Sunday, February 07, 2021

The Weekend Writer: Using Theme To Help With Writing

Wow, folks, once again it's been a year since I've done a Weekend Writer post.  However, I've been inspired on this subject recently and have a few planned.

This week's inspiration came from a virtual talk author Sharon Dukett gave last month about her memoir No Rules. Oh, you missed it? Lucky you. The Blackstone Library in Branford, Connecticut, which sponsored the event, has made it available on YouTube.

I was really struck by something Dukett said about theme. Now I have written before about how I think many people--writers, reviewers, people who write book marketing copy--don't have a good grasp of what theme is. They use it to mean subject, while some of us think theme has more to do with a world view that adds another level of meaning to a story. Dukett said something that I think supports my argument.

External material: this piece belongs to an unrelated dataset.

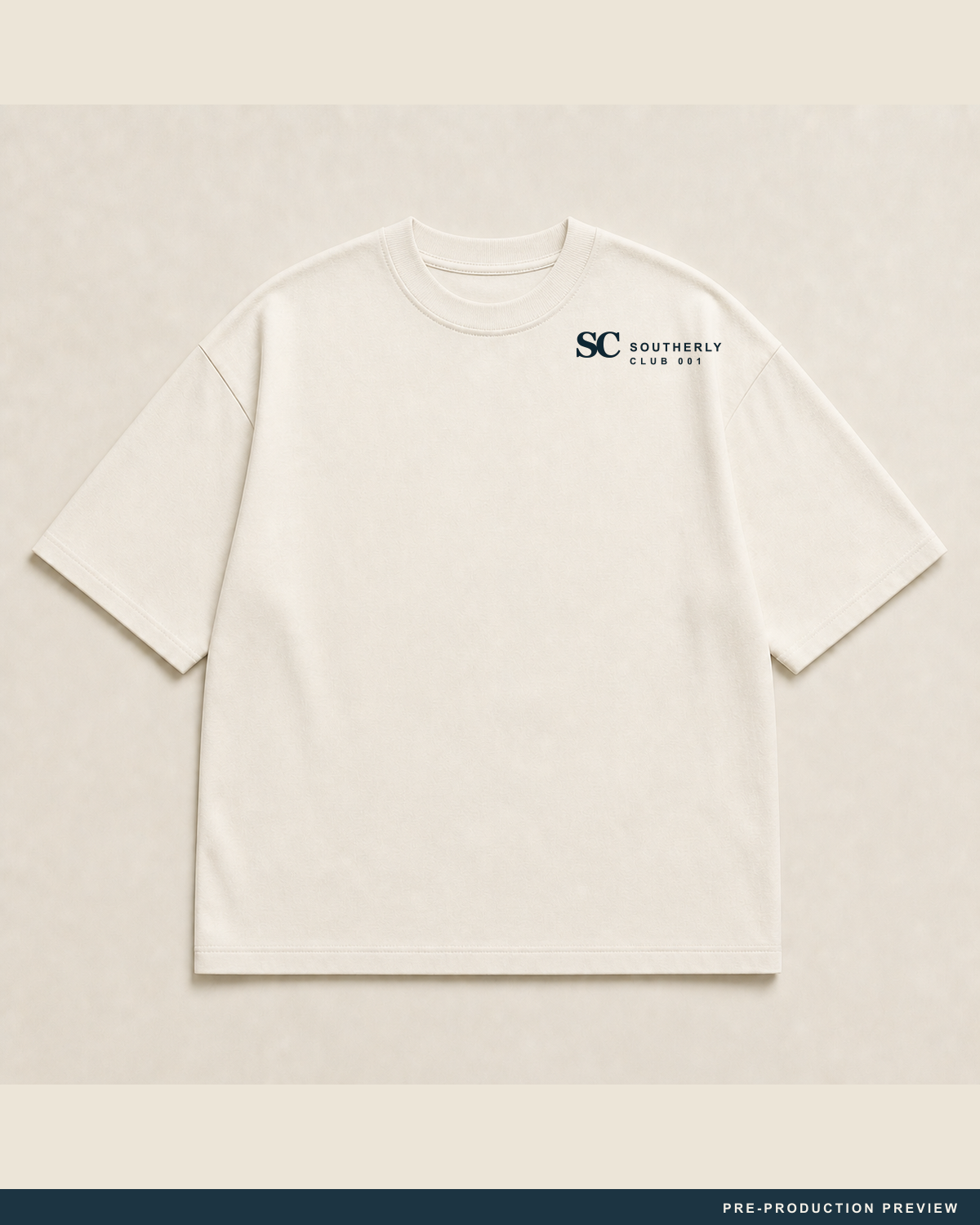 Last Drinks Tee, ecru tee, front view, Southerly Club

At one point, she explained, she was working with a 170,000 word draft, which she needed to cut down to no more than 100,000 words. How did she do it? She used theme. She realized that the theme she was working with was her own awakening to feminism. She eliminated anything that didn't relate to that.

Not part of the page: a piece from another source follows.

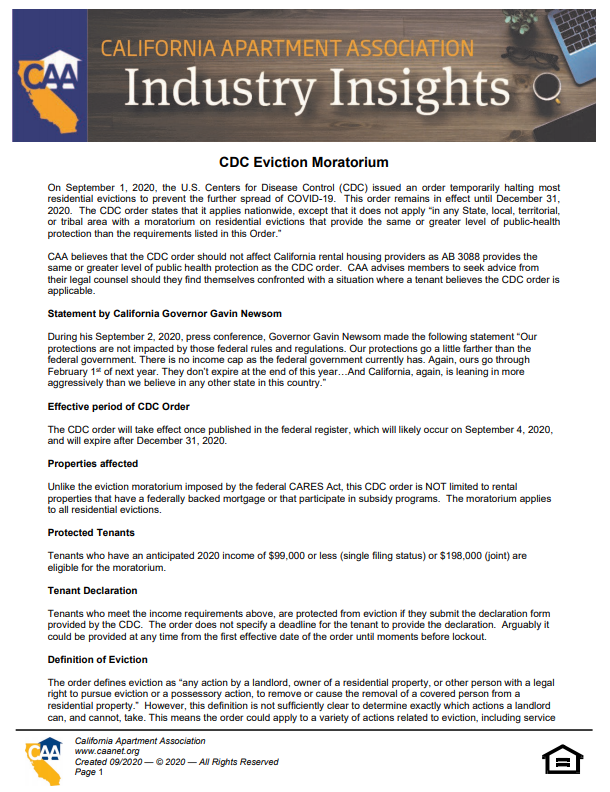 Preview of the first page of Industry Insight - CDC Eviction Moratorium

Notice that she did not say that the theme of her book was feminism. That is a subject so vast it would not have helped her do what she needed to do. She said the theme of the book was her own awakening to feminism, a much narrower concept and one that has a specific meaning in the context of her life. Presumably, it helped her give her memoir a shape that it wouldn't have had if she had just been writing about what happened to her, one event after another.

Theme can help you, Weekend Writers, if you understand what it is.